Bagging



Booststrap aggregation, or bagging, is a method for improving the accuracy of predictions in classification and regression settings which was proposed by Leo Breiman in the mid 1990s. It is one of several perturb and combine / ensemble / committee of experts methods which have become popular, because of their effectiveness, over the past 15 years. With these methods, a classification or regression method is applied to various perturbations of the original data set, and the results are combined to obtain a single classifier or regression model. While an appreciable increase in accuracy is often achieved, on the downside we have that the final prediction rule is typically so complex that it is very hard to gain a good understanding of how the explanatory variables relate to the response.

With bagging, the perturbations of the data are obtained by drawing many bootstrap samples from the original data (or one can use subbagging (aka half-bagging) and draw samples of size n/2 without replacement). A specific method for classification or regression is applied to each of the randomly drawn data sets. Then the results are combined, by averaging for regression and simple voting for classification, to obtain the final prediction rule. The process of combining the results typically decreases the variability (compared to a single application of the chosen prediction method on the original data) without increasing bias, and this leads improved prediction accuracy.

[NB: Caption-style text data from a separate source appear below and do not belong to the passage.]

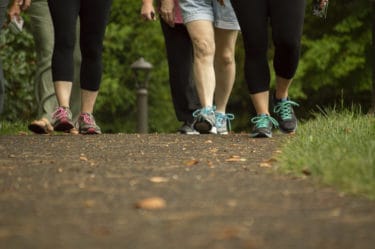 The lower legs and feet of five women wearing sneakers walking on a paved path in daylight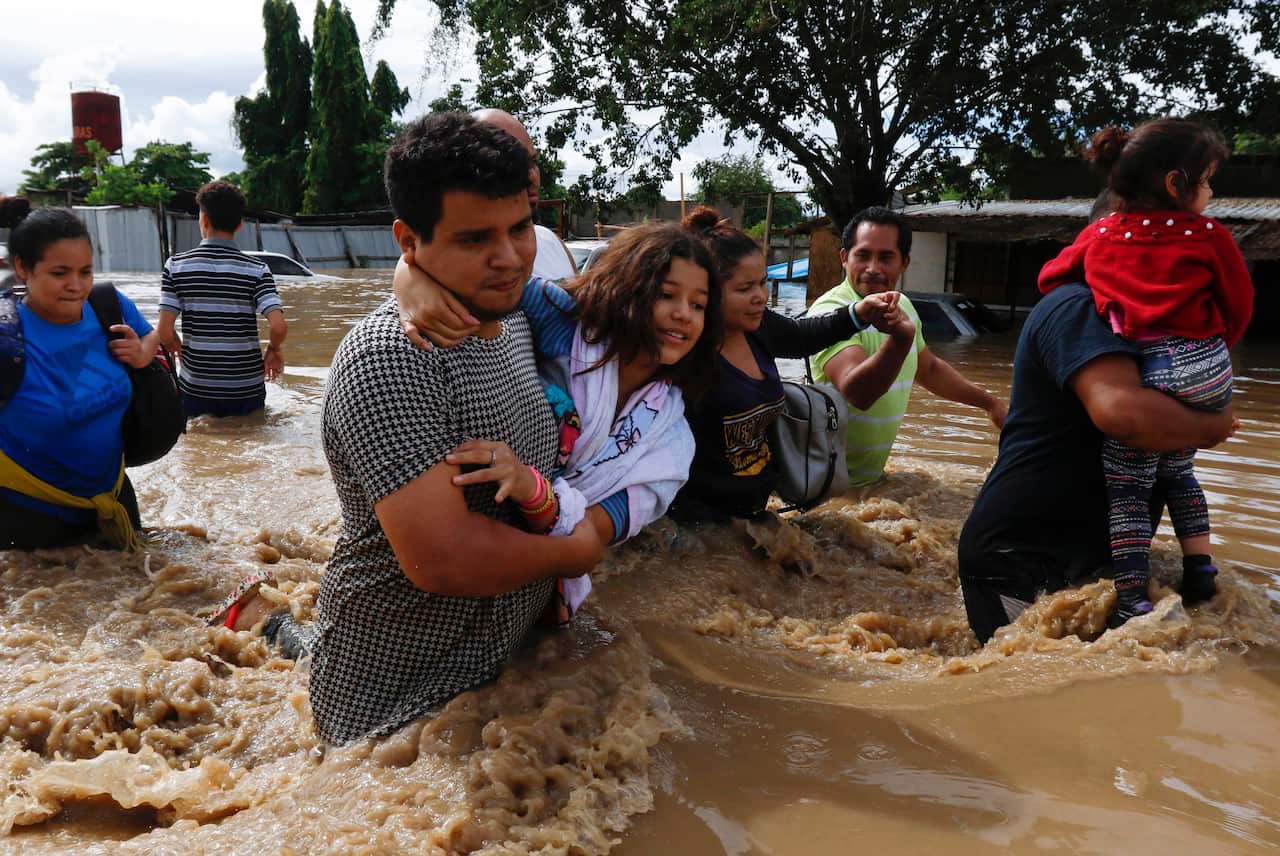 Residents wade through a flooded road, in Jerusalen, Honduras, on 5 November.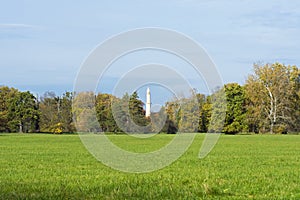 View of Minaret in Lednice between trees under autumn sky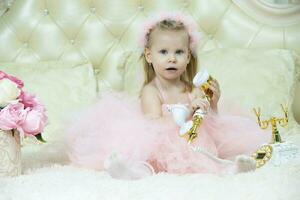 dos años de edad niño. hermosa pequeño niña en un elegante rosado vestir con un retro teléfono. foto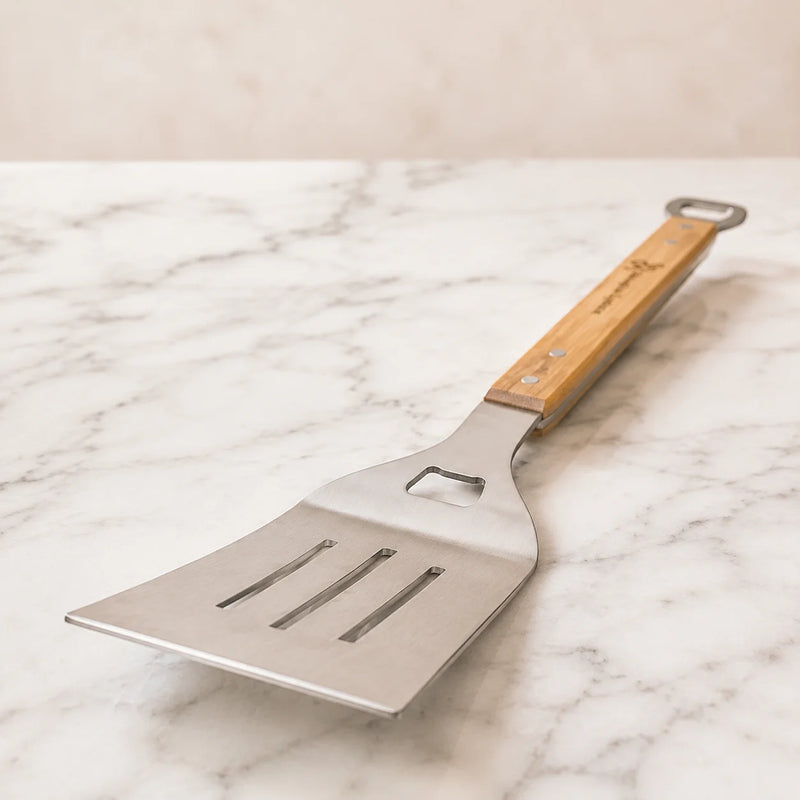 A stainless steel slotted spatula with a wooden handle and bottle opener cutouts, resting on a white marble surface.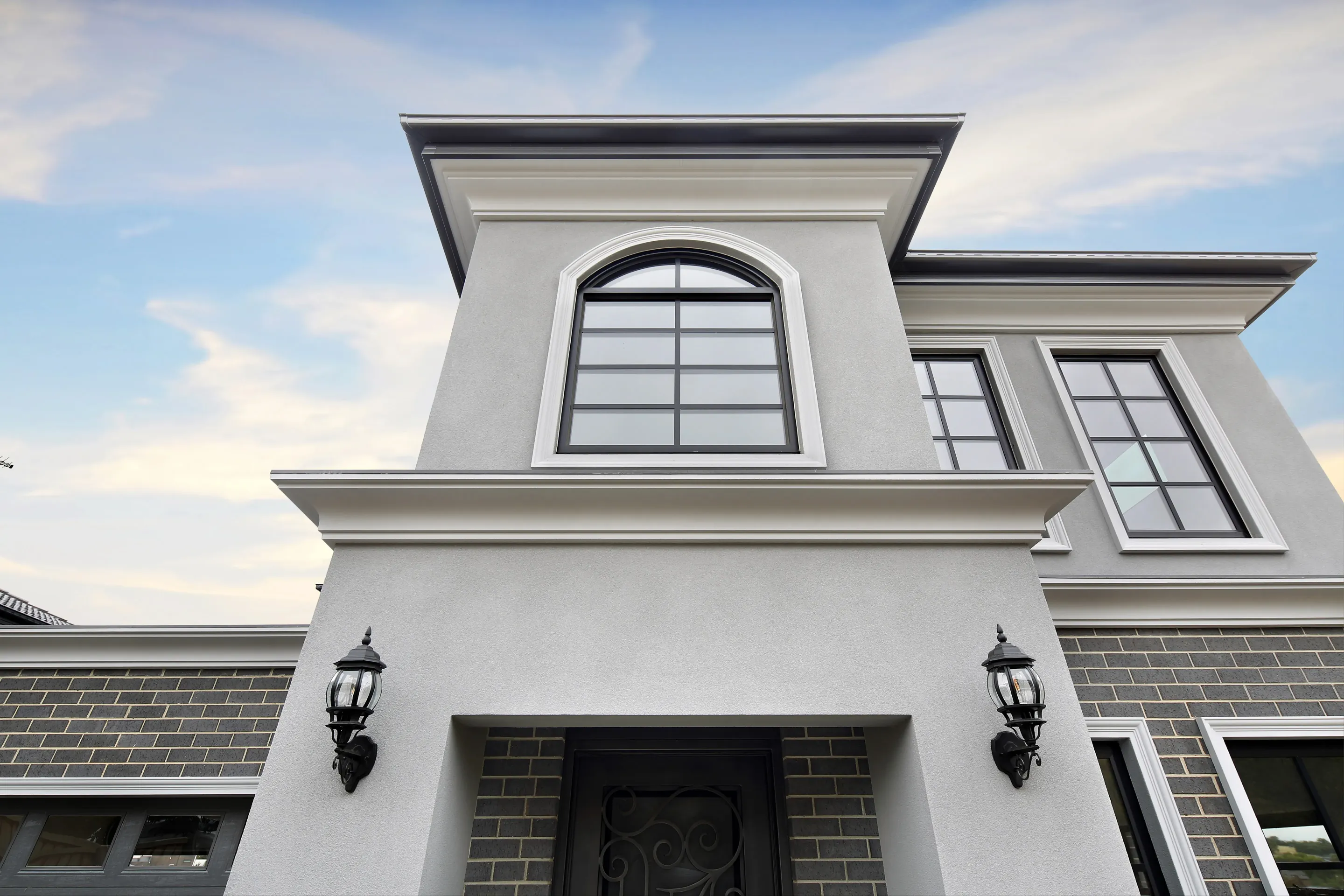 Entry portico of South Morang Residence seen from below, with grey render, moulded cornices, an arched feature window, face brick, carriage lanterns and a wrought-iron and glass entry door
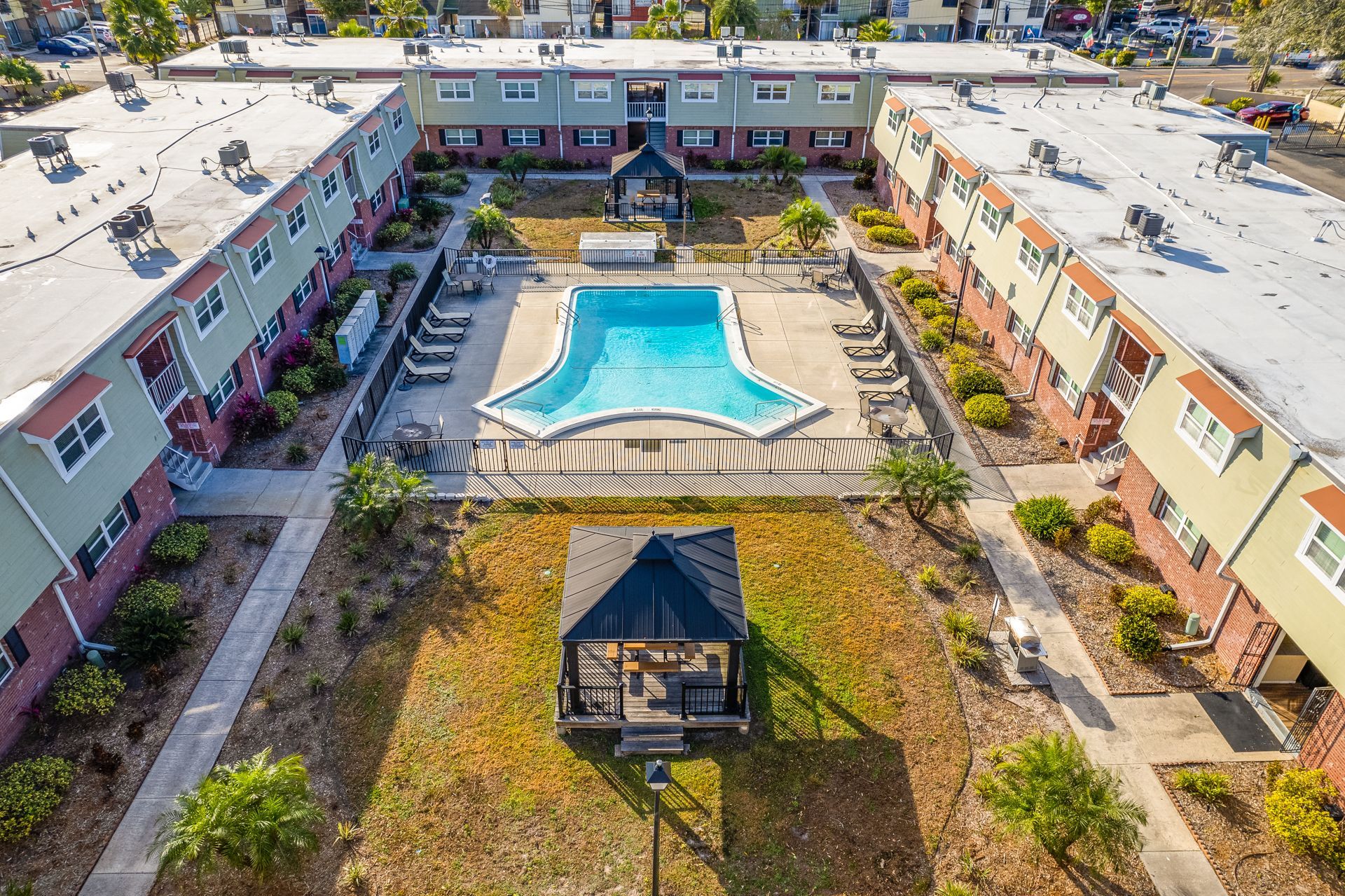 Aerial view of an apartment complex with a pool, gazebo, and surrounding buildings with red brick and green accents.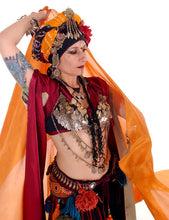 Load image into Gallery viewer, Belly dancer in coin bra and headdress and tassels and scarves. Colors are orange and red.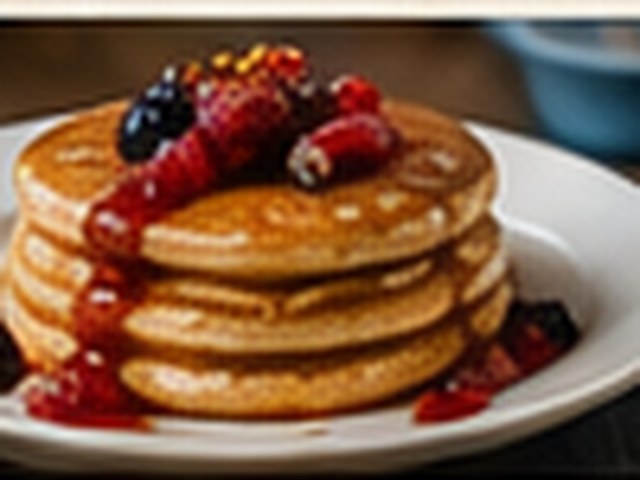 A stack of pancakes topped with berries and syrup.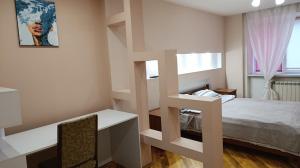 a white room with a bed and a staircase at Home for you in Ternopil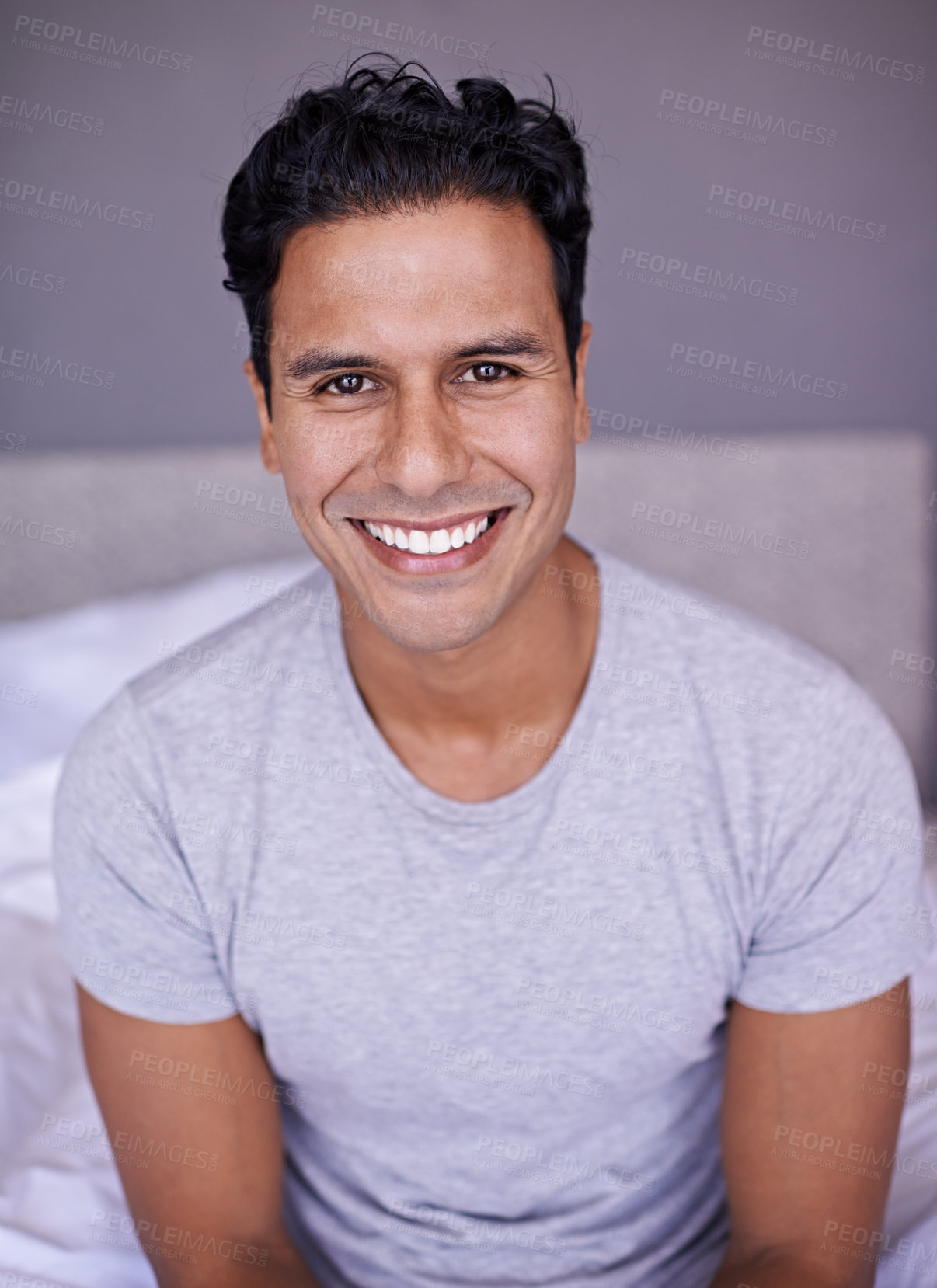 Buy stock photo Man, happy and wellness in bedroom in portrait, peace and confident on morning vacation on home. Young person, smile face and healthy on break on lazy weekend, pyjamas and rest on bed in apartment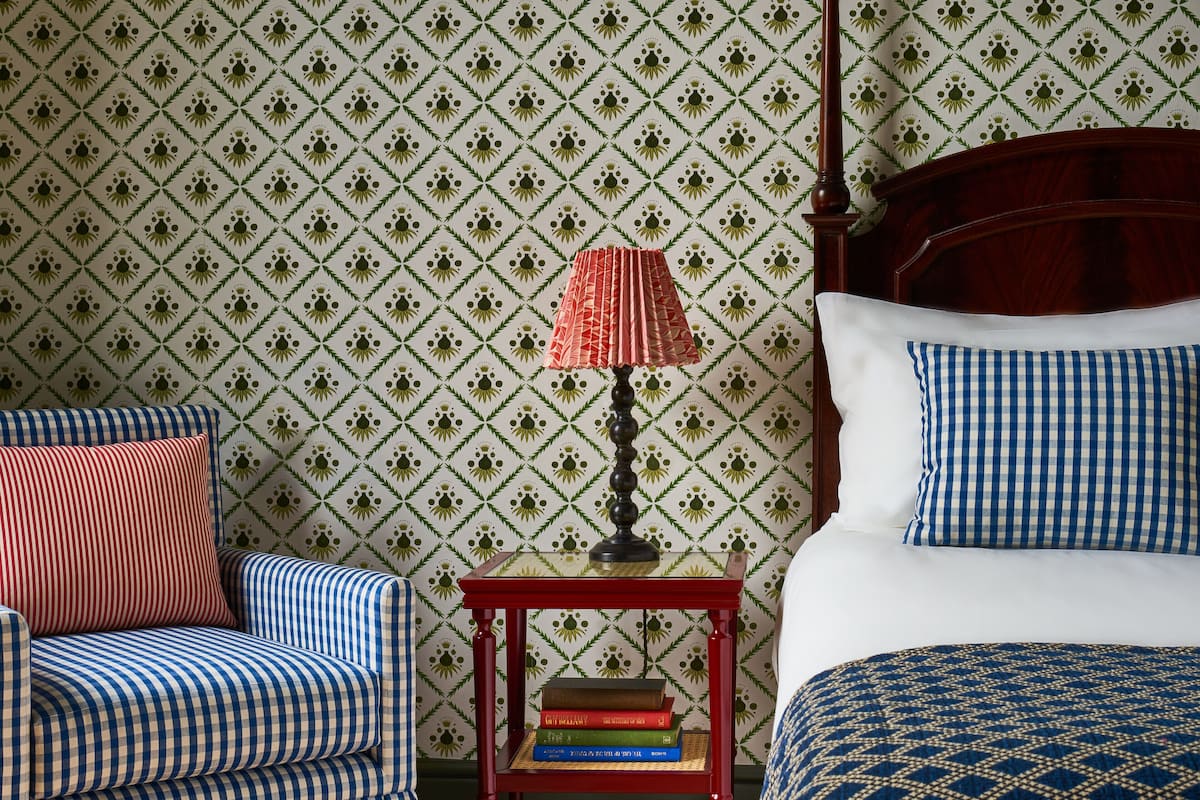 A neatly arranged bedroom with a patterned wallpaper, a wooden bed frame, a red nightstand with books, a blue and white checkered chair, and a red lamp.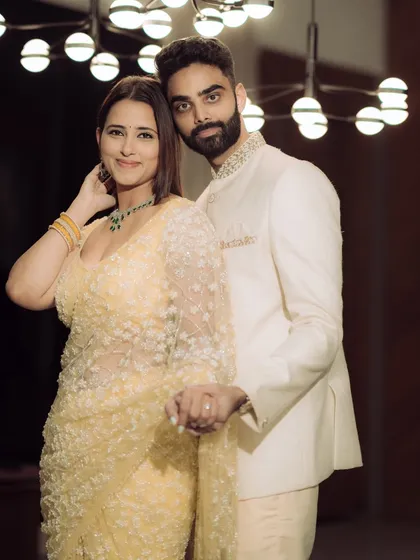 A classic, elegant portrait from an indoor engagement shoot. The couple holds hands, their pose exuding confidence and grace under the soft glow of a contemporary light fixture.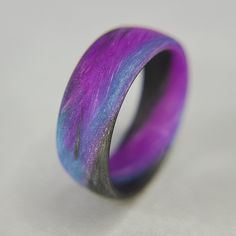 * THE RING - This particular ring boasts a traditional round band, slight comfort fit and a matte finish. The matte finish is extremely durable with a purple and blue glow. A high gloss finish is optional, leave us a note on the order if you would like a gloss finish. Made with pure carbon fiber and composite for the glow. Since each ring is individually handcrafted, there might be slight differences in each ring giving you a one of a kind piece. * PROPRIETARY NASA TECHNOLOGY IN EVERY RING - Hav Handmade Black Promise Ring, Pink Wedding Band, Nasa Technology, Glow Ring, Carbon Fiber Rings, Blue Glow, Amazon Handmade, Pretty Rings, High Gloss Finish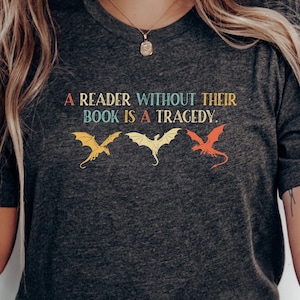 Op de afbeelding: Donkergrijs V-hals T-shirt met de quote "A reader without their book is a tragedy." Het shirt heeft drie drakenillustraties in geel, wit en rood. Het shirt is gemaakt van een zacht materiaal.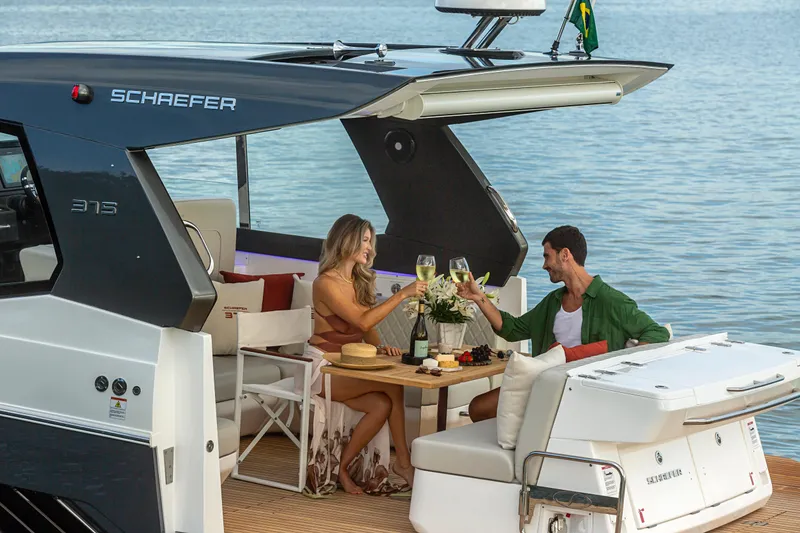 Slide: The Image of Couple enjoying a toast on a 2026 Schaefer 375 yacht by the water. - 30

While bagging is commonly applied to classification and regression trees, it can be used with many other methods of classification and regression. It is a general technique, and is not a specific method for classification and regression trees --- to say that one did classification by bagging is not adequate, since it should be stated what was bagged (e.g., bagging fully-grown classification trees obtained from CART). The Salford Systems literature refers to Brieman's "Bagger" as a classifier (if seems), but I think this is nonstandard. (My guess is that the Bagger refers to bagging fully-grown classification trees obtained from CART, but I don't believe that this use of Bagger is widespread.)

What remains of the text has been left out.